His La République en Marche [LREM] party won an estimated 359 of the 577 seats in the National Assembly, some way short of predictions last week that forecast his fledging party could finish with as many as 450. Then again, it’s the biggest majority in the Assembly since the 1968 elections and the result also confirms the destruction of the Socialist party and the disarray of the Republicians.
The former picked up only 46 seats – down from 295 in the 2012 elections – while the centre-right party and their coalition partners finished with 126. While that number is better than predicted – some polls had suggested they would struggle to hit three figures – it is still 99 fewer seats than the Republicains managed five years ago.
Elsewhere, Jean-Luc Melenchon’s far-left party, Unsubmissive France, won 26 seats, and the National Front will have eight MPs, including Marine Le Pen. The far-right leader was elected in the northern town of Henin- Beaumont but her joy at finally making it to parliament will be tempered by the poor performance of her party. Only a few weeks ago it was predicted that the FN could win as many as 40 seats on the back of Le Pen reaching the second round of the presidential election, but internal divisions within the party have surfaced in the last month, and the failure of Le Pen’s vice-president, Florian Philippot, to win a seat in parliament will be welcomed by many within the FN.
Philippot is one of several high-profile politicians waking up this morning wondering where to go from here. Two former members of the Socialist government, Najat Vallaud-Belkacem and Myriam El Khomri, failed to retain their seats, and there was also disappointment for Nathalie Kosciusko-Morizet, the centre-right MP who was beaten by her LREM rival in Paris.
Their defeat illustrates the dramatic change in the political landscape of France. In the space of fourteen months Macron has pulled off arguably the most extraordinary political result in modern times, becoming president at the age of 39 and winning a comprehensive parliamentary majority with a party composed of political novices. His prime minister, Edouard Philippe, described the result as one of ‘hope over anger’ and therein lies the biggest threat to Macron’s presidency.
As one newspaper noted last week, since his election Macron has been likened in the world’s media to Jesus, Jupiter and Louis XIV but the fact remains he has the support of relatively few French people. The 2017 parliamentary elections were the first in the history of the 5th Republic in which turnout was below 50 percent for both rounds, and in Sunday’s second round only 43 percent of the population went to the booth; as France24 points out ‘this means the 42 percent of votes won by LREM candidates account for less than 20 percent of registered voters’.

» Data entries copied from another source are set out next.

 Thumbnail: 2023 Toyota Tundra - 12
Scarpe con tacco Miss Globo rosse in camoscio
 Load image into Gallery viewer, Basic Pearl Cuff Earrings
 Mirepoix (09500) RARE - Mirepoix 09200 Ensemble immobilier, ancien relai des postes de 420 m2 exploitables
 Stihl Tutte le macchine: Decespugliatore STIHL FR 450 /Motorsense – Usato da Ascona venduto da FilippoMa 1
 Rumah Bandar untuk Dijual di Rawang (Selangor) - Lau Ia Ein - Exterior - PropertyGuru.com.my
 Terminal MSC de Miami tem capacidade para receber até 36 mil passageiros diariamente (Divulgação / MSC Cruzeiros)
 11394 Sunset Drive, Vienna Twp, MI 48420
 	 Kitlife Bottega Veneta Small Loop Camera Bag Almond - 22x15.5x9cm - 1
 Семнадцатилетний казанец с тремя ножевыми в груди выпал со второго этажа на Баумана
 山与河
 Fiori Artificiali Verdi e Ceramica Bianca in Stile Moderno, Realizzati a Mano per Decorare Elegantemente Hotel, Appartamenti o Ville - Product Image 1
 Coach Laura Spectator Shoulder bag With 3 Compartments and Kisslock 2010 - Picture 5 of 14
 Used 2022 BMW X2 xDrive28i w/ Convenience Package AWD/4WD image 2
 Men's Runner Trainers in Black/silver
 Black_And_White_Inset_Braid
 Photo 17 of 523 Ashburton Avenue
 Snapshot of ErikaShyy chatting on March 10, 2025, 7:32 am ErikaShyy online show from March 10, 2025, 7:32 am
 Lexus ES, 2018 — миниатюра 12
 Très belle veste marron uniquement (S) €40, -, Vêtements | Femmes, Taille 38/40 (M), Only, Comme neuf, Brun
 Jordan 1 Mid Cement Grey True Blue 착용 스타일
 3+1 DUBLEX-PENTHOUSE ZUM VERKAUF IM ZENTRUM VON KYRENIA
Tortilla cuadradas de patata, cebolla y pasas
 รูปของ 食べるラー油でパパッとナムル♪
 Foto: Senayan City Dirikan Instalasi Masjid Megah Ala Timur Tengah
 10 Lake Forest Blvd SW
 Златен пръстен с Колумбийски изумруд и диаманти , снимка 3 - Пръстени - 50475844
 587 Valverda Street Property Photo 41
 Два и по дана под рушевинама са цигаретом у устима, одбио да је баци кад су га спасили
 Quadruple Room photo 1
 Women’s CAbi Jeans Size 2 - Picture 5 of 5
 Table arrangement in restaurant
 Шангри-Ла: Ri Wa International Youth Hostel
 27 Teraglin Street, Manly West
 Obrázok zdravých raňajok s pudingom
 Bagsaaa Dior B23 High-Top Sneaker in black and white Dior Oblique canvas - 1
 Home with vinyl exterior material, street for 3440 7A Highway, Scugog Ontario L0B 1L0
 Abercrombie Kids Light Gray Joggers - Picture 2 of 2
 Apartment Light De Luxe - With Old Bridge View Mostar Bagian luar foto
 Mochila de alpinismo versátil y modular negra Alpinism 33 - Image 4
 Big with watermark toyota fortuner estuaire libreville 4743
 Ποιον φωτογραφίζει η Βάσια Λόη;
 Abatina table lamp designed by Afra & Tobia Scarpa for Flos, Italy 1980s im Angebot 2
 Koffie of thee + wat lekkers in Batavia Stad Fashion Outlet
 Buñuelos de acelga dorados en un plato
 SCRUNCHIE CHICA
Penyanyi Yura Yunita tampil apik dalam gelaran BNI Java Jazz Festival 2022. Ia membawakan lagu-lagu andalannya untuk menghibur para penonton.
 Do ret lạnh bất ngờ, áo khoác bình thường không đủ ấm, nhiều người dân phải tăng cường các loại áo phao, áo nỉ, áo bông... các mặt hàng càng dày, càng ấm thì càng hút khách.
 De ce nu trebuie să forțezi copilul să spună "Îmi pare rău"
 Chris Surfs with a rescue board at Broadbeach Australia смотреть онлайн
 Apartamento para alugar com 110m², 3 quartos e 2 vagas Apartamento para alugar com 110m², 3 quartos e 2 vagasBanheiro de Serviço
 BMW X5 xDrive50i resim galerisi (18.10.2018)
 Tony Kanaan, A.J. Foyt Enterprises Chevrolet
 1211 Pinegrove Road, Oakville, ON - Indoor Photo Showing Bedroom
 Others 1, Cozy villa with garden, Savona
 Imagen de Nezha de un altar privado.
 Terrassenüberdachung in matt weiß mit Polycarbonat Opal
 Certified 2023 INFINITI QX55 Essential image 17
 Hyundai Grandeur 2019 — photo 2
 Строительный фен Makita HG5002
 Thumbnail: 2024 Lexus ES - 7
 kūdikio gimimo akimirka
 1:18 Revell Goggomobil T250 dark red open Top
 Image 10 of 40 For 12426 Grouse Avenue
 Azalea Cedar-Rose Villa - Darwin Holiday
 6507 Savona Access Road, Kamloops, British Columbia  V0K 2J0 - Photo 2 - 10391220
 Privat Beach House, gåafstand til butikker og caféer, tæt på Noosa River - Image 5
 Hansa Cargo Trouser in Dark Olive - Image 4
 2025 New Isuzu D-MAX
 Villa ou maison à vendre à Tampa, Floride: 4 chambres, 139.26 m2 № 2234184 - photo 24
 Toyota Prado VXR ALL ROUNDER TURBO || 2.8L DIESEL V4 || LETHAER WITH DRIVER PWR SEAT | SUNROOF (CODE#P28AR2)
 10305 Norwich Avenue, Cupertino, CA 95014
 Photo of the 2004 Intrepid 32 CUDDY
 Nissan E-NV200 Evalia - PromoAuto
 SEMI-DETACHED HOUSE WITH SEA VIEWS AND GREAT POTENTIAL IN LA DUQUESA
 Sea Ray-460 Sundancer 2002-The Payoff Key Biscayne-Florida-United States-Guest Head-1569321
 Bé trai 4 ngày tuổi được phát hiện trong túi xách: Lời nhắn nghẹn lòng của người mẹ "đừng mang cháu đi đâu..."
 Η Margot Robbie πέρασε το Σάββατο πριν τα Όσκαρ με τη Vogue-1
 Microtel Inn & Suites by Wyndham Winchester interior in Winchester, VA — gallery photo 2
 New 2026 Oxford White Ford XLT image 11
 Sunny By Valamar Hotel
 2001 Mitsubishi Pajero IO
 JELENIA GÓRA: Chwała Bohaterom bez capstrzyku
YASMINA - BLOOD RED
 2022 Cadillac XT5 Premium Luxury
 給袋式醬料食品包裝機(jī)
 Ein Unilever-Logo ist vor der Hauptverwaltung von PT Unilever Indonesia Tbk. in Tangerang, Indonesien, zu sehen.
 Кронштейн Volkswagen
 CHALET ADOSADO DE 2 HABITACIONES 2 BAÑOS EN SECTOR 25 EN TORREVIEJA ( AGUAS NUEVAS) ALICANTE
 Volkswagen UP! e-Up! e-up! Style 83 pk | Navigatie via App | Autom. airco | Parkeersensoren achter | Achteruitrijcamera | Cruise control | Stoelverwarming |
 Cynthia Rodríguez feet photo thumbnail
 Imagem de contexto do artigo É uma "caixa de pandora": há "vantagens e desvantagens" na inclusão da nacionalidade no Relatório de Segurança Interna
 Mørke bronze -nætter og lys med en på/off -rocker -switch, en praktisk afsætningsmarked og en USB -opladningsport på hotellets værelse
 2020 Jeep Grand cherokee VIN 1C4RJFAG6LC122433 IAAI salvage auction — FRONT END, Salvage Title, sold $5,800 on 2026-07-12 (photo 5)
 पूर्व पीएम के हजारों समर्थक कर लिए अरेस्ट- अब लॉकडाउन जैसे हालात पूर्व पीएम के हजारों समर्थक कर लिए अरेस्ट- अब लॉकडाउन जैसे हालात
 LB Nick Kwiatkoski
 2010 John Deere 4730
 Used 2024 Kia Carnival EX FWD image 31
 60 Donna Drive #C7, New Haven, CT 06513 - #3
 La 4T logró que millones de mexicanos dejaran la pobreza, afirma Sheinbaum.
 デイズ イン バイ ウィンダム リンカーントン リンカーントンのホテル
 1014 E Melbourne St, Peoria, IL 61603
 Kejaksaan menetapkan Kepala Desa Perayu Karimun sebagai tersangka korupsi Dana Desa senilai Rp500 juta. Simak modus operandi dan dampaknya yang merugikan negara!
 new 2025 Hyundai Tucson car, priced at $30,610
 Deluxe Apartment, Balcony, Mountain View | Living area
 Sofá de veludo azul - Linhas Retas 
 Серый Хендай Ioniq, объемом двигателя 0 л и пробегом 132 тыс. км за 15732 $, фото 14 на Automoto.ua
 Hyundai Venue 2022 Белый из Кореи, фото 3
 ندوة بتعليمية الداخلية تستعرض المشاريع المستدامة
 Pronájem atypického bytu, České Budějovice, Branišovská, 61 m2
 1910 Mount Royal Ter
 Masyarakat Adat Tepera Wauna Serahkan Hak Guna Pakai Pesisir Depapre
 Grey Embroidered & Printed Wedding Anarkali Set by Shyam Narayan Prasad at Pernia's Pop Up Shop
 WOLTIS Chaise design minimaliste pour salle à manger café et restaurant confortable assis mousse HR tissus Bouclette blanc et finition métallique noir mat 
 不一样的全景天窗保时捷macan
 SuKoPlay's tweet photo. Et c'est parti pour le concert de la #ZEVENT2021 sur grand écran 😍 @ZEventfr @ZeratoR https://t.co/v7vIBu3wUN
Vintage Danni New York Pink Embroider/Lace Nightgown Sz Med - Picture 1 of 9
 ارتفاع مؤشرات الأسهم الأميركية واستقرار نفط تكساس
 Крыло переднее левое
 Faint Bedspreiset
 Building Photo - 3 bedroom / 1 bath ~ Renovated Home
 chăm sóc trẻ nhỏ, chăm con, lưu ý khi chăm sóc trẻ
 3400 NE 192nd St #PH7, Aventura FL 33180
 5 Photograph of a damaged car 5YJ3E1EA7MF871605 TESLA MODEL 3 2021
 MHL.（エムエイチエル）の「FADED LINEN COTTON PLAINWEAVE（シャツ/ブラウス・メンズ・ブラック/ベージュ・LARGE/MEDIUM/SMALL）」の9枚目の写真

Macron has become president by a combination of factors; he grasped the disenchantment of the French people with the established political class before anyone else, but he also benefited from the misfortune of his rivals – notably Manuel Valls and Francois Fillon – and the incompetence of Marine Le Pen, who campaigned on the wrong issues and was exposed in that extraordinary final debate as aggressive and inept.
Macron has swept all before him but now he must show the French that he is more than just a brilliant mind who knows how to market himself. He has his majority to push through all his ambitious reforms and he must make good his promise to revive the French nation. If he doesn’t, the hope of which his Prime Minister talked will quickly turn to anger.